Frage: Das Thema Migration hat die Gesellschaft zuletzt stark aufgewühlt. Wie lässt sich die Situation befrieden?
Teuteberg: Wir brauchen einen Migrationskonsens der Mitte. Bund, Länder und Kommunen müssen sich bei einem nationalen Migrationsgipfel zusammensetzen, um rechtliche und organisatorische Verbesserungen zur Steuerung von Migration und Integration zu erreichen. Wir wollen das Grundrecht auf Asyl erhalten. Gerade deshalb müssen wir konsequent darin sein, die Ausreisepflicht durchzusetzen, wenn kein Anspruch auf Asyl besteht. Zugleich fordern wir schon seit über 20 Jahren ein Einwanderungsgesetz, um legale Einwanderung dringend benötigter Fachkräfte klar zu regeln.
Frage: Ihr Ansatz klingt recht technisch. Für viele ist Migration ein emotionales, angstbesetztes Thema. Lassen sich mit diesem Konzept Ängste beseitigen?
Teuteberg: Wenn wir beim Thema Migration das Vertrauen in den Rechtsstaat und die Verlässlichkeit seiner Verfahren stärken, ist das ein wichtiger Beitrag. Statt Beliebigkeit muss es einen Unterschied machen, wie ein rechtsstaatliches Verfahren ausgeht. Das schafft Orientierung und stärkt das Vertrauen. Was dagegen nicht hilft, ist ein Überbietungswettbewerb in der verbalen Schärfe oder die Diffamierung von Konsequenz als Härte. Wir brauchen mehr Nüchternheit und Konsequenz.
Frage: Im Herbst finden in Sachsen, Brandenburg und Thüringen Landtagswahlen statt. Die FDP steht für Wettbewerb und Eigenverantwortung. Für viele im Osten klingt das eher danach, dass der Staat sie im Stich lässt.
Teuteberg: Zur Freiheit gehört Verantwortung, und zwar für sich und für andere. Viele Menschen im Osten Deutschlands übernehmen solche Verantwortung. Viele haben dort Eigeninitiative bewiesen und sich beruflich völlig neu orientiert. Die wollen wir ansprechen. Ich finde, der Osten kann aus seinen Stärken noch viel mehr machen. Das gilt für den wirtschaftlichen Mittelstand wie für die Universitätsstandorte. Wir haben dort viele junge Menschen.
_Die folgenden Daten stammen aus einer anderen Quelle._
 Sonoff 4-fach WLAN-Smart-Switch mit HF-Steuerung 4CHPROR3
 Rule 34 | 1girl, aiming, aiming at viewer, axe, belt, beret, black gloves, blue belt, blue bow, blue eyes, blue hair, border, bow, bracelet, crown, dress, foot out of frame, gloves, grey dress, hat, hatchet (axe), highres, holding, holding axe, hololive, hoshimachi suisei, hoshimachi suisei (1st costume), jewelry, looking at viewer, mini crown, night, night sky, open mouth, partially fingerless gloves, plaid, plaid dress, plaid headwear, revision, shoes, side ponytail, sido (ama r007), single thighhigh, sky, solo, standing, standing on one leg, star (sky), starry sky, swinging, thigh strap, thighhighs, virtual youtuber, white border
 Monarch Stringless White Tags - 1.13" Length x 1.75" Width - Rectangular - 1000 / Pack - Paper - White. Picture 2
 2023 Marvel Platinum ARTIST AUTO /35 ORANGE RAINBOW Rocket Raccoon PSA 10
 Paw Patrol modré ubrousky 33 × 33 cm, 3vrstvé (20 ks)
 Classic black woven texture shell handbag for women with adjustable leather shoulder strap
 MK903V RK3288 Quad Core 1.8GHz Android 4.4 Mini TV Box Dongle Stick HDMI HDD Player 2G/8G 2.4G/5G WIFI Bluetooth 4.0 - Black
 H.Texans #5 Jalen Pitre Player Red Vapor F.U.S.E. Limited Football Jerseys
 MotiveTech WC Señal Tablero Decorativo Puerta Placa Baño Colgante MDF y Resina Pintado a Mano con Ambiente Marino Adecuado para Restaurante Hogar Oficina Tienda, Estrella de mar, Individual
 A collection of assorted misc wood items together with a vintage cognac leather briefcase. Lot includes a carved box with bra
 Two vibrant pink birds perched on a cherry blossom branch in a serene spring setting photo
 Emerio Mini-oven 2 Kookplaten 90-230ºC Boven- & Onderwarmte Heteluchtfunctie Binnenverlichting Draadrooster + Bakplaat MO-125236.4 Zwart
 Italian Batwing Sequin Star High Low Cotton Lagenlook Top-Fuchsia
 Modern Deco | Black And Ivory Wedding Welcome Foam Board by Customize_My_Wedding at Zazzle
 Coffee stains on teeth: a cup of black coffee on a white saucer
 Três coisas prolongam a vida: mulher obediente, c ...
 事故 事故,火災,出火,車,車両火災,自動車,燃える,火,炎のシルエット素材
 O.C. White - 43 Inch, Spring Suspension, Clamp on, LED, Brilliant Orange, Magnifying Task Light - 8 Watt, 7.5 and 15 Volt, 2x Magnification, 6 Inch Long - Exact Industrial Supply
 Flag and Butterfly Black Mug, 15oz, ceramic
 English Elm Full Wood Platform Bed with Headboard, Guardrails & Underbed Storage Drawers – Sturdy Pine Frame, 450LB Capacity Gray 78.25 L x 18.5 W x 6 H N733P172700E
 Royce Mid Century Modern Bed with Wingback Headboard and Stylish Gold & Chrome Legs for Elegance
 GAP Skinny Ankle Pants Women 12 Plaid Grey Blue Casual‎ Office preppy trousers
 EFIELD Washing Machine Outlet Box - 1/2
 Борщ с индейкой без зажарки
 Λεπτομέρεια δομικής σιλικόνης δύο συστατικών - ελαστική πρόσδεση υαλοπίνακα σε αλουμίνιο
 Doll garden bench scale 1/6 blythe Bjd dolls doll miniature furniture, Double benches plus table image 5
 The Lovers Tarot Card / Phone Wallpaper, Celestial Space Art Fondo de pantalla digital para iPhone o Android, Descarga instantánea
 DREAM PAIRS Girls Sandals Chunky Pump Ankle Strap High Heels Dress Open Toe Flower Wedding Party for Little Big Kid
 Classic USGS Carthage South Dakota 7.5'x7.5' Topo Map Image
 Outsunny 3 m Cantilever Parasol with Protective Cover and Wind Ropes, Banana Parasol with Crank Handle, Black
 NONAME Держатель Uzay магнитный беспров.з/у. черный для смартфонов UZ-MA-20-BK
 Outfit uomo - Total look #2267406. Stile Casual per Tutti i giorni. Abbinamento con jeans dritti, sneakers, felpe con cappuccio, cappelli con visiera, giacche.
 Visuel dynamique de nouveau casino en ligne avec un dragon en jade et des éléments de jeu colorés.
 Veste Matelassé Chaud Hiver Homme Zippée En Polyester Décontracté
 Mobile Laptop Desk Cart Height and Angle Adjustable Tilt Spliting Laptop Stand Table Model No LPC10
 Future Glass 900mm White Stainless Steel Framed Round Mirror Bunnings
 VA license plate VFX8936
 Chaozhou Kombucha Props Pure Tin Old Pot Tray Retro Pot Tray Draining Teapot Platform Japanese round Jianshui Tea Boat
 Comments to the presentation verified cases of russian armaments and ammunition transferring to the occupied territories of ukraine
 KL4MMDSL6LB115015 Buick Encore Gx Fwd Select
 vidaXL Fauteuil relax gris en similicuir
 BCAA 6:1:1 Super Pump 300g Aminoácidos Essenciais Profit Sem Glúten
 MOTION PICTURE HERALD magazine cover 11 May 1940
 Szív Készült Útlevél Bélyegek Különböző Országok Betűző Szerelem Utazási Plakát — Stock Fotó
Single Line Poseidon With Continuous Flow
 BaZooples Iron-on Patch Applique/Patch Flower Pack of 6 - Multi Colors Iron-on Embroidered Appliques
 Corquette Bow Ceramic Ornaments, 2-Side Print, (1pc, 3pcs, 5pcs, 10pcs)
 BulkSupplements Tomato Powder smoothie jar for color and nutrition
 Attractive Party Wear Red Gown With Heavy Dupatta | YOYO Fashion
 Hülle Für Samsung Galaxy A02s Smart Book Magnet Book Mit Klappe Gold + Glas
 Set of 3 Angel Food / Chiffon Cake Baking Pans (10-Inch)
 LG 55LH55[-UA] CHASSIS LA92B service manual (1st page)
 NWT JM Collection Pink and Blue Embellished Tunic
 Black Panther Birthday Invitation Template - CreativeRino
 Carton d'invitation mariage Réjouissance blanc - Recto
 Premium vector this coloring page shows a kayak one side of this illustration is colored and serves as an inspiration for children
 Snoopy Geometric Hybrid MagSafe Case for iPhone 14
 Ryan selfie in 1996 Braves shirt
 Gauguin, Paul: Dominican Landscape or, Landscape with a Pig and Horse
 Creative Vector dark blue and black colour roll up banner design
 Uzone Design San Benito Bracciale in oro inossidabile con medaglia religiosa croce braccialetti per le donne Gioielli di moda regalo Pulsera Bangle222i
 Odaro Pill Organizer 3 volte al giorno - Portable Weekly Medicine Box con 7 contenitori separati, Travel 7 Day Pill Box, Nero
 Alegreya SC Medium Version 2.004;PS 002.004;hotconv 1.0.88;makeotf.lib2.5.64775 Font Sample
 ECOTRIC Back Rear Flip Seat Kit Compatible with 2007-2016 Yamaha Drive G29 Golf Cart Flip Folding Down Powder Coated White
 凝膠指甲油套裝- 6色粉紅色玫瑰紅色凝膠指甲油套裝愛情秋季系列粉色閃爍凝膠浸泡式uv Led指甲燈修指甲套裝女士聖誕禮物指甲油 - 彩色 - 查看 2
Wenn wir es schaffen, dass sie dort bleiben und ihre Zukunft sehen, können sich daraus eine Menge Chancen für die Entwicklung Ostdeutschlands ergeben.
Frage: Gerade im Wahljahr wird der Osten gern als Sonderzone dargestellt, die besonderer Zuwendung bedarf. Ist das zeitgemäß?
Teuteberg: Natürlich braucht es eine spezielle Kenntnis der Verhältnisse im Osten. Es gibt dort andere Prägungen und große Strukturbrüche. Viele Menschen haben Härten erlebt. Ich finde es aber wichtig, Ost und West nicht gegeneinander auszuspielen und die Potenziale zu erkennen, statt nur über Schwierigkeiten zu sprechen. Debatten über Ost-Quoten, Verschwörungstheorien und Untersuchungsausschüsse helfen nicht weiter.
Frage: Sie spielen auf den Treuhand-Untersuchungsausschuss an, den die Linke im Bundestag will.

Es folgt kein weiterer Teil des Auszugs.